YANQUI. Podemos. Ganemos. Primera persona del plural del presente de indicativo. Primera persona del plural del imperativo. Aunque la terminación sea la misma, la intención es distinta. Uno y otro, hijos del we can de Obama. Hijos del imperialismo yanqui, en el viejo lenguaje que Iglesias resucita.


RESINA. Hace muchos años de aquel viaje a Cuba. No salió bien. Imposible pasear por La Habana sin que se pegase alguna de las sanguijuelas que se autodenominaban guías (no lo eran). En ningún otro lugar del mundo me había sentido un dólar con patas. En la recepción del hotel preguntaban por el Rey y en el Malecón, por Mario Conde. Entablar conversación con ellos era tocar resina.


VASCO. Después de tomar un daiquiri en El Floridita y honrar la memoria de Hemingway, esa mitología empalagosa y azucarada hacia alguien que se pegó un tiro, andamos por la calle Obispo, apartando a los plastas que quería adherirse a cambio de dólares.
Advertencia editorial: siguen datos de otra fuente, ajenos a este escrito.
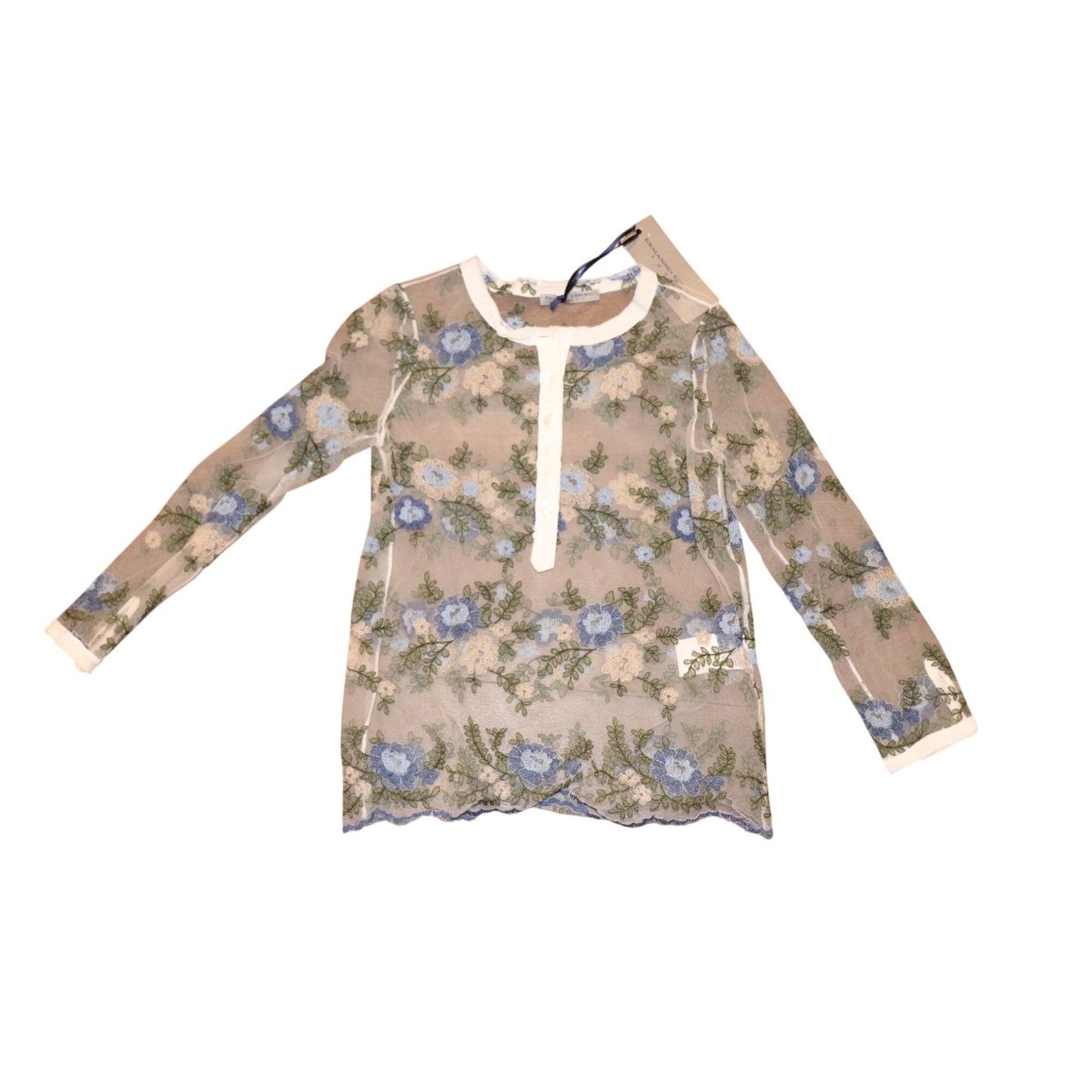 Ermanno Scervino Junior Floral Embroidered Sheer Top, 6T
Ser libre en el país preso estaba resultando hercúleo. ¿A cuántos de los merodeadores dije que ‘no’? La caminata se acercaba a la violencia. La frase del acosador número 20 o 25 fue gloriosa: “Vasco, vasco malo, mira que eres malo. Hay diez millones de cubanos y con alguno te encontrarás”. ¡Vasco! ¿Qué le habrían hecho los vascos a este hombre? Encontramos a otros, amables, cariñosos, gente que no quería de nosotros más que nosotros de ellos.
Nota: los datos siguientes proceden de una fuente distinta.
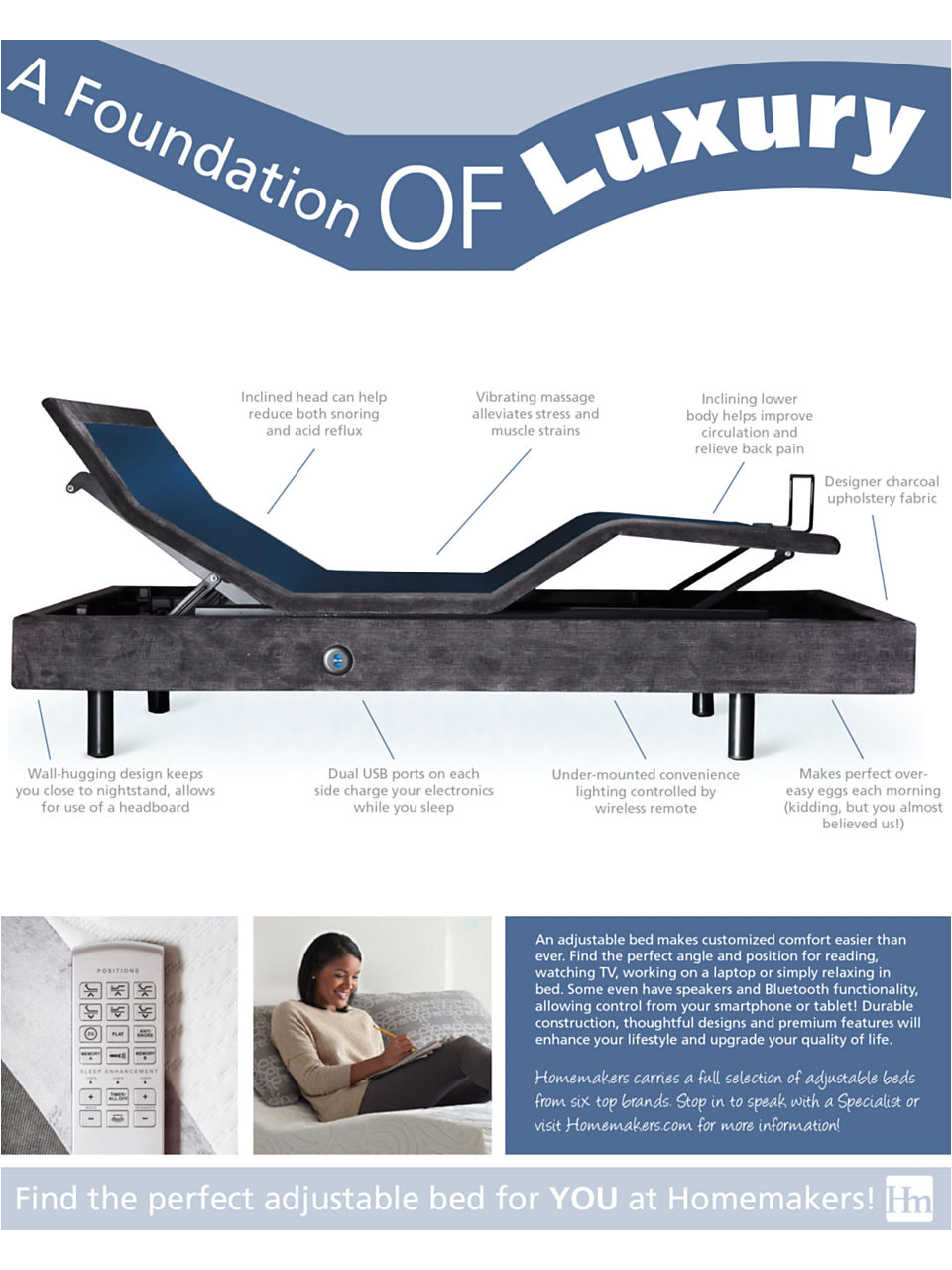 Homemakers Des Moines Mattress Sale Infographic Find the Perfect Adjustable Base Homemakers
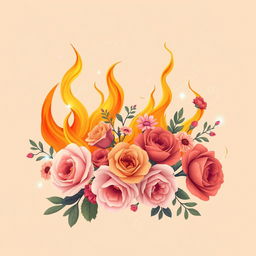 A classic and simple design showcasing an enchanting composition of fire, flowers, and magical wisps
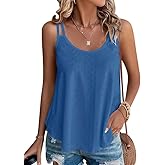 koiqzlv Summer Tank Tops Embroidery for Women Sleeveless Loose Fit Scoop Neck Casual Blouse Sexy Cute Cami for Womens Trendy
TURISTA. Obama, el de we can o podemos, conseguirá, al fin, conquistar la isla. De bahía de Cochinos (la fracasada operación de conquista de 1961) a un futuro Hotel Cochinos Luxury Resort. Los turistas son los modernos marines. Si planeas una invasión, mejor enviar a tipos con chancletas que a soldados con pertrechos. A la larga, resultan más dañinos.


TRENZA. En esos días de septiembre de 1998 nos evacuaron de Santiago, donde un tironero había intentado robarnos la cámara, por la llegada del huracán Georges. De madrugada, volamos en un avión de papel tras dejar atrás un aeropuerto preparado para la devastación, con las cristaleras cubiertas por maderos. Agobiados por quedarnos encerrados en La Habana, logramos llegar a Varadero. La noche que pasábamos bajo el ala del ciclón es difícil de olvidar. Nos atrincheramos en el bungalow de un hotel sin persiana, con un cristal protegido por aspas de cinta americana para combatir las ventadas de 120 kilómetros por hora. No quise dormir para saber cuándo saldríamos volando. Por si la tensión era insuficiente, una palmera se empeñó en dar cabezazos a la ventana. Con el amanecer, el aire perdió vigor, si bien la ira de Georges –el presidente de EEUU era Bill Clinton, entre los dos Bush, los Georges– duró unos días. Los peces habían huido y las algas eran las trenzas del oleaje. La playa había sido devastada. Una de esas playas por la que comienzan las invasiones.